Intervenire al convegno su “Gratuito patrocinio: il tradimento del patto etico tra Stato e Avvocato della Camera Penale di Napoli ha rappresentato l’occasione per fare il punto su talune contraddizioni che attengono all’applicazione in Italia degli istituti del patrocinio a spese dello Stato e della difesa d’ufficio che costituiscono violazioni dei principi del giusto processo e di uguaglianza tra i cittadini indagati dinanzi alla legge.

L’Associazione dei Difensori d’Ufficio, sia nella sezione napoletana che a livello nazionale, è particolarmente sensibile a questo argomento, perché per quanto siano certamente diversi gli istituti della difesa d’ufficio e del patrocinio a spese dello Stato, essi sono molto più correlati di quanto si possa pensare. In generale, il primo momento di contatto ideale tra la difesa d’ufficio e il patrocinio a spese dello Stato avviene quando l’indagato, ricevuto il primo atto notificatogli dall’Autorità Giudiziaria nel corso del procedimento penale, non abbia effettuato la nomina del difensore di fiducia, poiché in tale evenienza – in ragione dell’obbligatorietà della difesa tecnica nel processo penale – gli verrà assegnato un difensore d’ufficio. Nel 30-40 % di questi casi, infatti, il difensore designato per legge si sentirà ripetere “avvocato, non ho i soldi per pagarla”, avviando in questo modo le pratiche affinché l’assistito possa accedere al c.d. “gratuito patrocinio”.

Può però accadere che il difensore nominato d’ufficio non riesca in alcun modo a contattare l’indagato, il quale – pur avvisato e sollecitato – decida di disinteressarsi del processo. In tal caso, l’avvocato d’ufficio dovrà attivare una procedura di recupero del credito professionale – con messa in mora, decreto ingiuntivo, precetto, pignoramento mobiliare o immobiliare – che ritarderà di anni l’effettiva corresponsione dell’onorario per l’attività difensiva svolta. Il “tradimento del patto etico tra Stato ed Avvocato” si realizza, dunque, per tutta una serie di prassi diffuse tra gli uffici giudiziari e previsioni normative che esprimono null’altro che la volontà del legislatore.
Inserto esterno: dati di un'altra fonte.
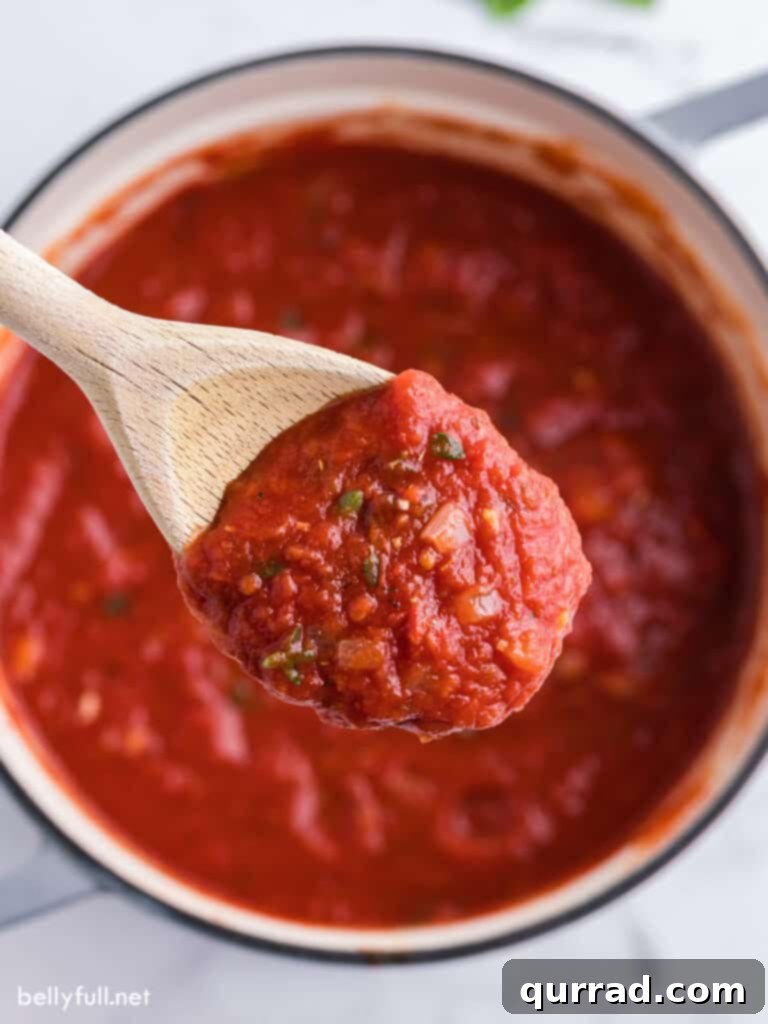 Slow-Simmered Marinara Sauce 2 overhead close up marinara sauce on wooden spoon, showcasing its rich texture and vibrant color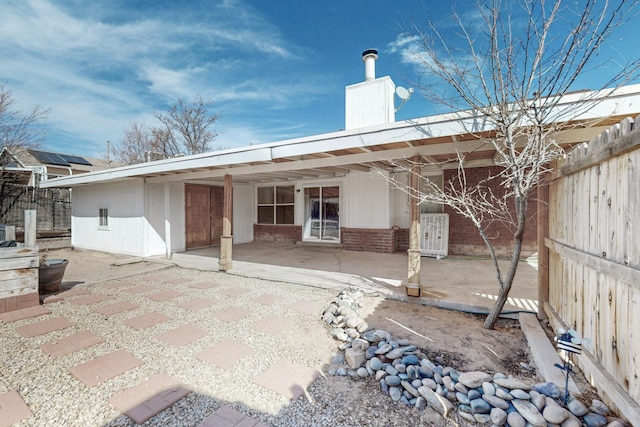 rear view of house with a patio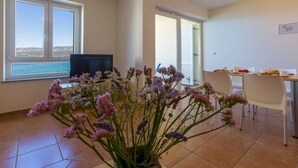 Ein modernes Wohnzimmer mit großem Fenster, einem Flachbildfernseher, einem Essbereich mit Tisch für zwei Personen und einem Blumenstrauß.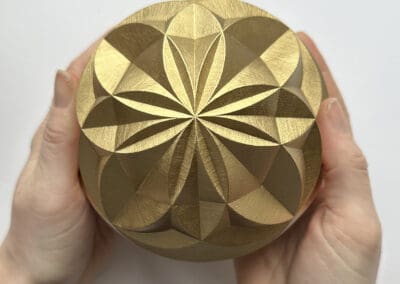 geometric pattern carved into a sphere and painted gold. Being held in hands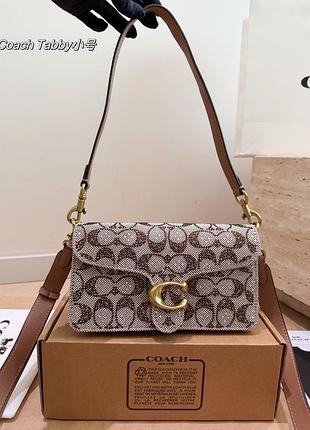 Жіноча сумка з шкіряними вставками та кристалами coach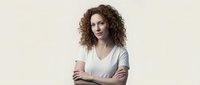 Confident young woman with curly hair and crossed arms on neutral background for business and professional marketing materials.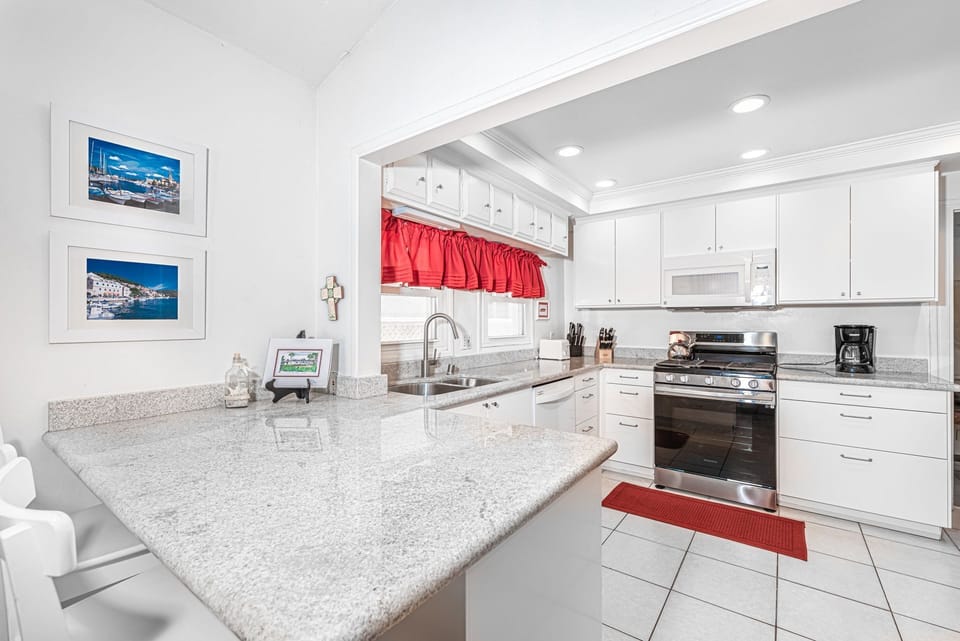 The kitchen comes stocked with dishes, utensils, cookware, bakeware, and large and small appliances.
                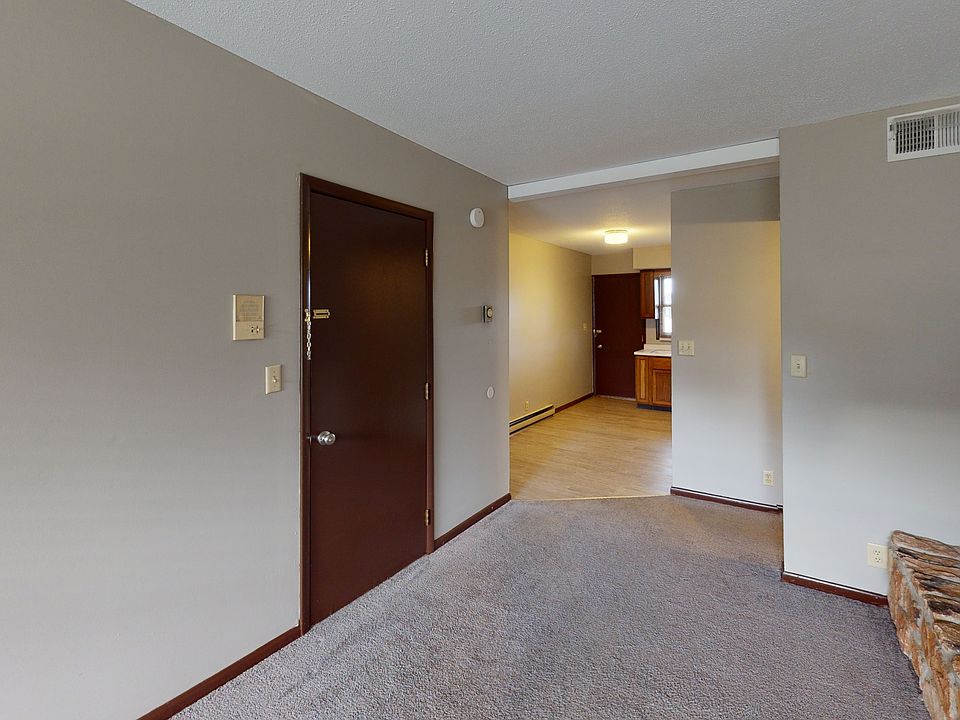 All flooring new laminate - no longer a carpeted space/unit.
Ciò perché, al termine di questo complesso procedimento, l’art. 116 del T.U. sulle Spese di Giustizia ci dice che nel momento in cui la persona assistita risulti incapiente si applicano le liquidazioni del gratuito patrocinio. È qui che si realizza un corto circuito nel coordinamento con la disciplina della difesa d’ufficio: ed invero, in quest’ultima ipotesi, il difensore designato per legge non ha accettato spontaneamente ed a monte di assistere l’indagato/imputato “a spese dello Stato”, ma si ritrova a subirne comunque la disciplina economica sfavorevole.

Vi è poi da evidenziare anche l’ostracismo espresso negli anni da quella parte aristocratica della classe forense. In tal modo, sono stati chiusi gli occhi davanti ad un incremento – dal 1995 al 2019 – del 1230% delle ammissioni al patrocinio a spese dello Stato. Numeri elevatissimi davanti ai quali non si possono chiudere gli occhi, poiché la giustizia sostanziale si fonda su questi numeri. Oltre a impegnarsi al fine di promuovere la riforma proposta dagli Avvocati Raffaele De Cicco e Alessandro Amodio che consenta di equiparare le tempistiche delle liquidazioni dei difensori a quelli degli ausiliari dei magistrati è stata evidenziata dall’On. Del Mastro l’assurdità di prevedere, per ciascun tribunale d’Italia, un diverso protocollo d’intesa per le liquidazioni, che portano – per la stessa attività – a vedere le liquidazioni tra, ad esempio, Bari e Napoli decisamente diverse. L’effettività della difesa, soprattutto per i non abbienti, non può prescindere dal giusto e tempestivo compenso dei professionisti protagonisti del processo.